A huge queue (up to the end of the block) had formed itself outside of the building. As I went in, I noticed another huge queue had formed the other side of the entrance.
The Church had not one, but three masses at lunchtime, plus morning and evening. Obviously all packed.
At the end of my mass, we were made to go out from the fire exit to facilitate the entrance of the “huge crowd waiting outside” for the next one (so the priest, verbatim).
If it had not been for the Mass (which was reverent, but strictly NO) I would have fancied myself in 1957.
Those attending – working in a busy business district – were exactly the kind of people Francis bashes all the time: the well employed, going about their busy lives, almost all in suit and tie. They had nothing of “periphery” in them, nor was any sheep stink to be detected. They are the one supposed to be tepid, bashing in their own securities, and all that Francis rubbish we all know.
The interesting thing is that I attended the same Ash Wednesday mass in the same church some years ago, and there was absolutely nothing of the sort. Absolutely.Nothing.Of.The.Sort.
Now, let us make a little analysis here: is this the Francis Effect?
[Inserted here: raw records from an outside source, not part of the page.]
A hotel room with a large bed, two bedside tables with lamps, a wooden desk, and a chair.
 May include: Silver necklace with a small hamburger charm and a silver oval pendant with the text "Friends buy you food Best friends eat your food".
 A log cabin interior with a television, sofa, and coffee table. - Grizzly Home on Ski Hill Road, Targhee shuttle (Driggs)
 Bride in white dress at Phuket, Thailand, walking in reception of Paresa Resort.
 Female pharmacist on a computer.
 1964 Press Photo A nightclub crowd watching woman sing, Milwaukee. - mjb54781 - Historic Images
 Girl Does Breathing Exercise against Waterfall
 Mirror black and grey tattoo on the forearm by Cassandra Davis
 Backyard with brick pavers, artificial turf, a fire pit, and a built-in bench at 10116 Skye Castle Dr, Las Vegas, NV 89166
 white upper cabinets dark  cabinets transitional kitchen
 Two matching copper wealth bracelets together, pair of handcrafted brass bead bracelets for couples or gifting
Clearly not. If Francis had such an effect on the crowds p, they would flock to Rome in droves before, during and after any Holy Year you can or cannot imagine. But they don't, and they actually seem to carefully avoid the place (the smoke of Satan stinks a lot after all).
What might, then, be happening? If you ask me, and unless this is an isolated episode, what is happening might be simply Providence. More and more people, of the more educated – and therefore informed – class, receive an echo of the controversies surrounding Francis; and this gives them a warm feeling of persistence of good values, a consoling, cosy sensation of “good things that won't go away”; and in time, this teanlates – with God's grace – in curiosity, and then interest, and then trial, and then regular practice.
Your humble correspondent could not hide a triumphant feeling, a total exhilaration at being out in the cold, queueing, and reminded of the packed churches of his early, blessed childhood in a Country where the Only Church was the State Religion. One tear, or three, of the purest joy might have escaped his old and tired, far too emotional eyes.
Today I was so proud of being a Catholic. So proud, that for forty minutes I almost forgot the Evil Clown and his band of thieves. It was exhilarating.
Bad Popes may come and go. They can inflict much damage.
But boy: the Church is – without a shadow of a doubt, and in a very visible way – the toughest shop on Earth.